Pero de cualquier manera voy a confirmar mi reputación bien ganada de cabezota:

Todos los que vos decís se lían a tortazos y arman un buen despiporre, sí, hasta rompen botellas y a veces acuchillan a alguien (sobre todo los segundos), pero ¿qué tienen que ver con las 'basses œuvres' a que se refiere la autora?


----------



## Madame Barberin

Hola.
A ver si mi aportación puede aclarar algo. Faire le coup de poing no es ni más ni menos que el sinónimo de se bagarrer. Pero las bagarres pueden surgir sin más (dos personas que se enzarzan por casualidad, por una mirada o una palabra mal entendida) o pueden, como da a entender faire le coup de poing ir adrede a pelear, buscar la pelea.
Lo que está claro es que en faire le coup de poing no se piensa en luchas con reglas, sea en un cuadrilátero, sea en un combate entre dos ejércitos reconocidos. Sí, en la expresión está poing que da a entender una pelea con puños, en realidad va más allá y admite otras armas. Además en este pequeño trocito que nos da, se comprende, al asimilarlo a las basses besognes, que estas reyertas no son obligatoriamente en igualdad de condiciones.
Con faire, se intuye que unos buscan la pelea sin avisar al enemigo, son incursiones puntuales para gastigar o impresionar a los enemigos. Los Saoud en este caso o desean proteger a los suyos o no quieren ensuciarse las manos.
... se encargan de las reyertas

EDITO para añadir un que "no es ni más ni menos que el sinónimo".


----------



## totor

Sí, esto aclara un poco las cosas, Barberin.

Mi insistencia era porque yo seguía viendo la expresión como una pelea a puñetazos, nada más.
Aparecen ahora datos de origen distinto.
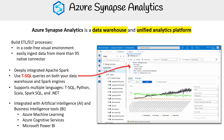Azure Synapse Analytics is not limited to data warehousing. It's also seamlessly integrated with both artificial intelligence and business intelligence tools. For instance, it works in harmony with Azure Machine Learning for AI purposes and leverages Azure Cognitive Services for identity and access management. Moreover, it integrates effectively with Microsoft Power BI for efficient data visualization and business intelligence operations.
Según lo que dices, estaba equivocado.

¡Gracias!


----------



## Madame Barberin

Mealegro que se haya aclarado algo.
Solo una precisión, cuando hablo de otras armas, estoy pensando en armas como, en las pendencias urbanas de ahora, los puños americanos, las cadenas, barras de hierro o bates de béisbol. En la época de su texto, serán palos, porras, garrotes, varas, aguijones...
En los barrios norte de Marsella ("quartiers nord"), ahora las bandas "font le coup de feu", como ve, calcado sobre faire le coup de poing. La idea es la misma, solo que pasamos a una categoría de armas superior.


----------